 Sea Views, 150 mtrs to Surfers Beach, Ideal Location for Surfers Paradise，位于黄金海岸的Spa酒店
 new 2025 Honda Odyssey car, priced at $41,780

...

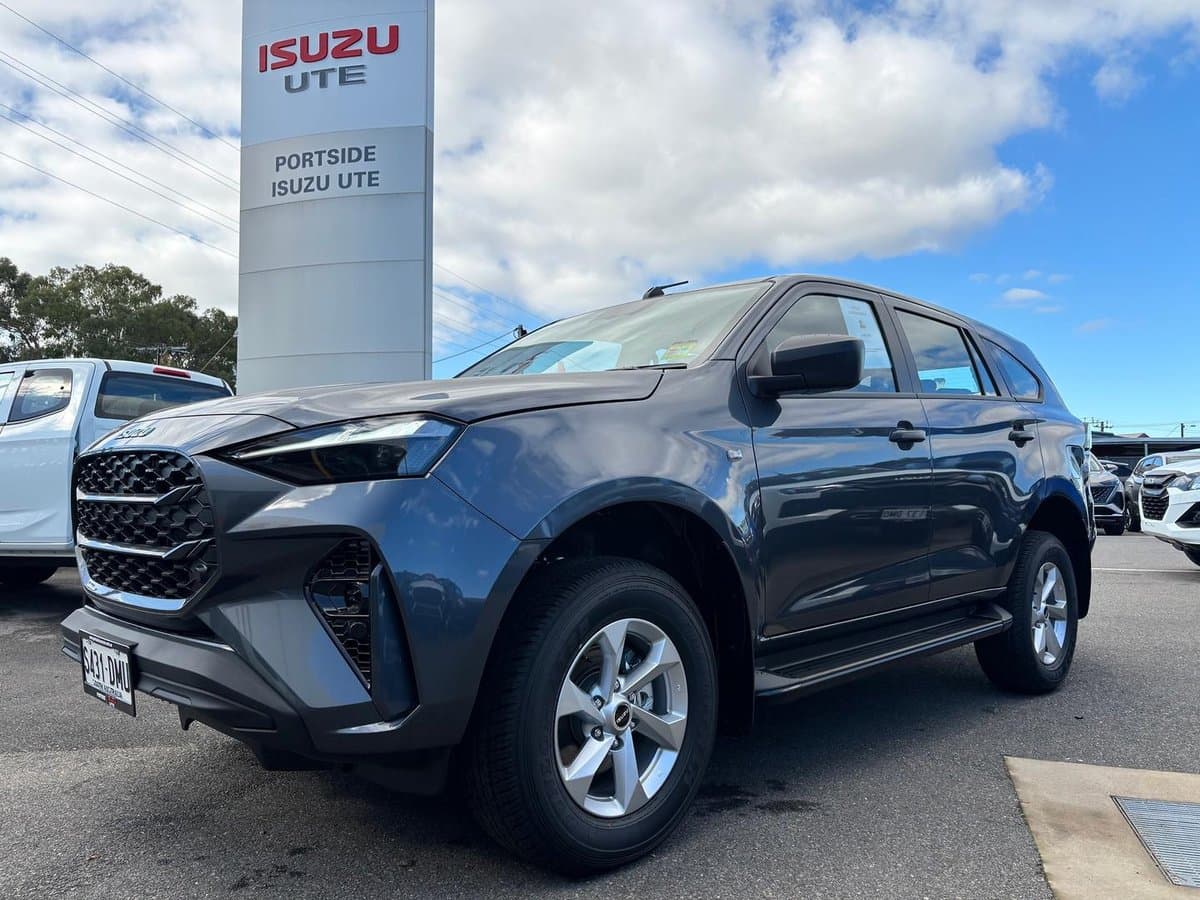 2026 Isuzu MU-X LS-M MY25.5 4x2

● **Aim of the task**: After locating the line with "Sea Views, 150" above, return that line and every later line through the one with "new 2025 Honda", word for word and with nothing else.

● **Result below**:
 Sea Views, 150 mtrs to Surfers Beach, Ideal Location for Surfers Paradise，位于黄金海岸的Spa酒店
 new 2025 Honda Odyssey car, priced at $41,780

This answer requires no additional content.